The Togut Firm was formed to address this reality. Our business model was to have the highest quality boutique – with the same level of sophisticated work as the large firms and often with personnel who started their careers at the large firms and were trained by them – to be able to “partner” with the large firms in representing companies in bankruptcy cases. Whereas the large firm has conflicts because these clients are involved in the bankruptcy case, the Togut Firm is conflict-free. Whereas the large firm has conflicts that prevent it from satisfying the gating “disinterestedness test” that is required to be retained as counsel for the company by order of the bankruptcy court, the combination of the major firm and the Togut Firm easily satisfies the law’s requirement. It is the combination of the firms that satisfies the disinterestedness test. The Togut Firm handles all the matters that the major firm is conflicted from handling.

It is easy to see how conflicts of interest can arise in the largest bankruptcy cases. The debtor corporation has a long-standing relationship with a major law firm in New York or elsewhere, and it turns to the firm’s bankruptcy department when financial pressures make Chapter 11 protection unavoidable. But if that law firm also represents, for example, creditors of the corporate debtor, or if the interests of the debtor and one of its subsidiaries or parent companies conflict, the company must find other counsel to handle discrete aspects of the bankruptcy case and thereby avoid the conflict of interest. We are hired to take on the discrete tasks of handling the conflict matters at a significantly lower cost to the client. Importantly, in cases where the Togut Firm serves as conflicts counsel in jurisdictions outside of New York (such as Delaware, for example), we are able to utilize main counsel’s local counsel and therefore do not need to retain our own local counsel – further creating efficiencies and cost savings that flow to the client.

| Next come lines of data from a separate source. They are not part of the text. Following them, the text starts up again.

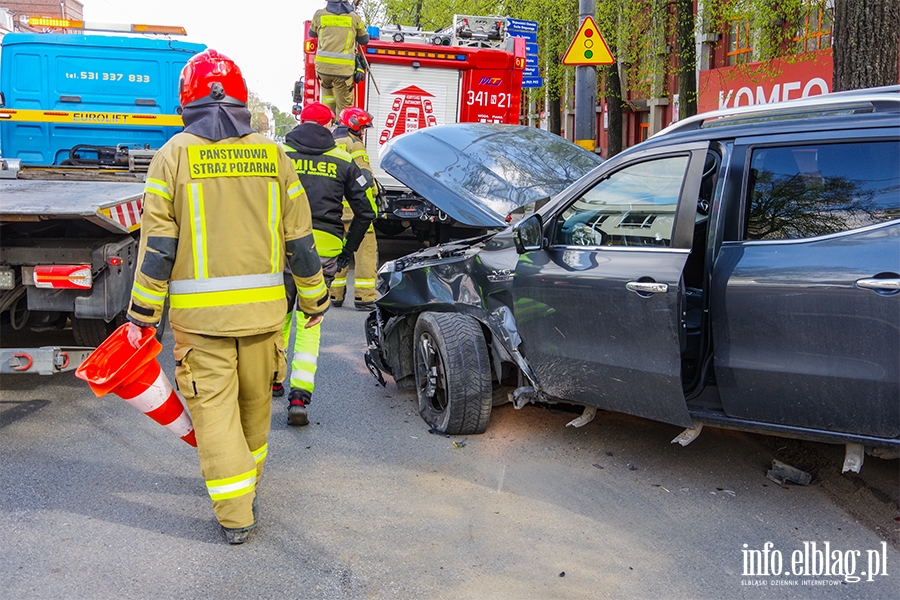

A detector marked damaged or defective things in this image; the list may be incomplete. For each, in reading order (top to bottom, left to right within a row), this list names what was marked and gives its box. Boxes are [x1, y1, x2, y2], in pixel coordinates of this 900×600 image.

crumpled car hood [376, 122, 600, 227]
crashed black suv [366, 86, 900, 472]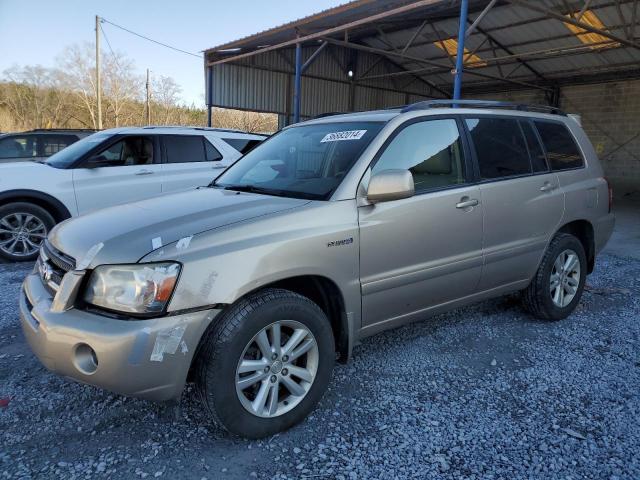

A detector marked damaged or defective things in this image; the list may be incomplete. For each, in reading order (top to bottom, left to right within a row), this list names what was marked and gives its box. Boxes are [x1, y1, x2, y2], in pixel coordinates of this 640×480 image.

front bumper damage [20, 270, 220, 402]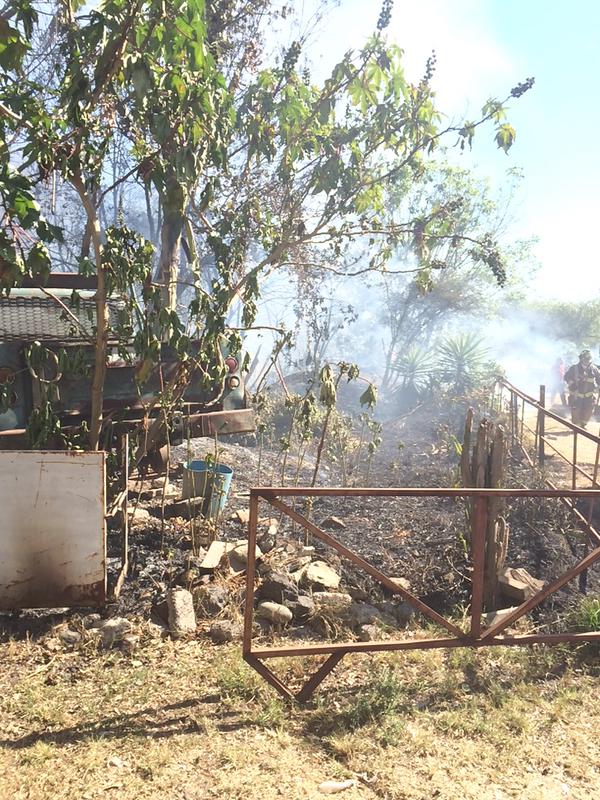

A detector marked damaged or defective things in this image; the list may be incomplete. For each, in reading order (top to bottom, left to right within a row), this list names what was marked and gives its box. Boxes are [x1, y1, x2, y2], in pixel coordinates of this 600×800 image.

rusty metal sheet [0, 450, 105, 608]
rusty metal gate [0, 450, 106, 608]
rusty metal gate [243, 482, 600, 700]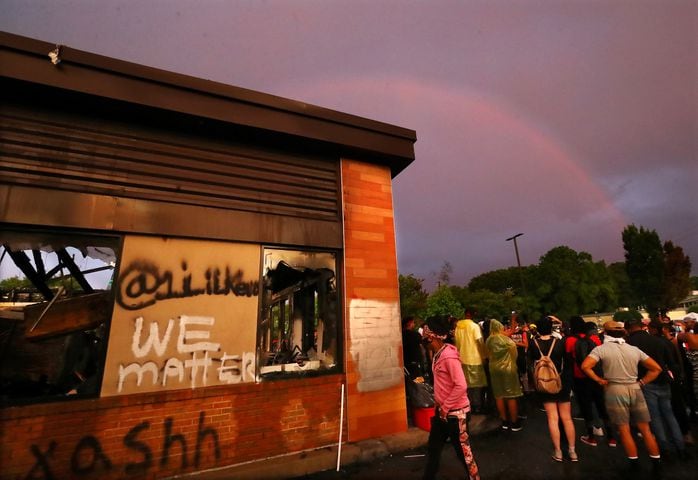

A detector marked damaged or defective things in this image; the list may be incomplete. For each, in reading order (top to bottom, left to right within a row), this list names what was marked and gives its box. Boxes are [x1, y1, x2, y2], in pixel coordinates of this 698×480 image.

The Togut Firm has built a sterling reputation as conflicts counsel and has received regular conflicts referrals from the top law firms in the United States. Work is referred to the firm by the top law firms in the world such as Skadden Arps; Weil, Gotshal & Manges; Kirkland & Ellis; Milbank; Cleary Gottlieb; Wachtell; Cravath; Jones Day; Kramer Levin; Shearman & Sterling; and Davis Polk, among others.

Our firm’s exclusive focus on bankruptcy means that we are available to provide high-quality advice and representation. Our lack of retainer clients and institutional relationships means that we can be adverse to any party without the complications of prior or continuing relationships.

Moreover, effective service as conflicts counsel requires more than experience with the demands of complex Chapter 11 cases. The Togut Firm understands that the role of conflicts counsel is to augment the lead law firm by serving the client with the same excellence that the conflicted firm would offer – the competence we bring to all our cases.

Courts have described our work taking over from lead counsel as “seamless.” In other words, one cannot discern the difference between our work and the work done by lead counsel, and there is virtually no duplication of effort. We do our own work, and main counsel does its own work. We do not “shadow” main counsel, and that keeps costs way down.

The court-appointed fee committee in the Enron case reviewed all the case professionals’ work. In its report about the Togut Firm, it found:

“Weil Gotshal handled all of the main work in the case; the Togut Firm, as co-counsel, was assigned discrete subsets of work either because Weil Gotshal had conflicts or because the Togut Firm, being smaller, could handle the work more efficiently. The Togut Firm coordinated its efforts with Weil Gotshal to avoid duplication of effort. Over the course of the case, Togut Firm timekeepers billed for only 10 meetings with Weil Gotshal, most of which were general status meetings. There was virtually no overlap and no duplication of effort.”

From the Enron Fee Committee report:

“The Togut Firm managed its work well and staffed it tightly with timekeepers with appropriate experience and billing rates. It handled every type of bankruptcy matter very efficiently as attested by the timely filing of the schedules with a single extension of time and by the Togut Firm’s favorable dollars-recovered-to-fees-billed ratio.

When a Weil Gotshal conflict arose in the middle of a matter, the Togut Firm as conflicts counsel took the matter over instantly and seamlessly. The two firms handled transitions so effectively that the committee found no indication in the time records of how a transition had occurred. Weil Gotshal timekeepers were working on the matter one minute; Togut Firm timekeepers the next.”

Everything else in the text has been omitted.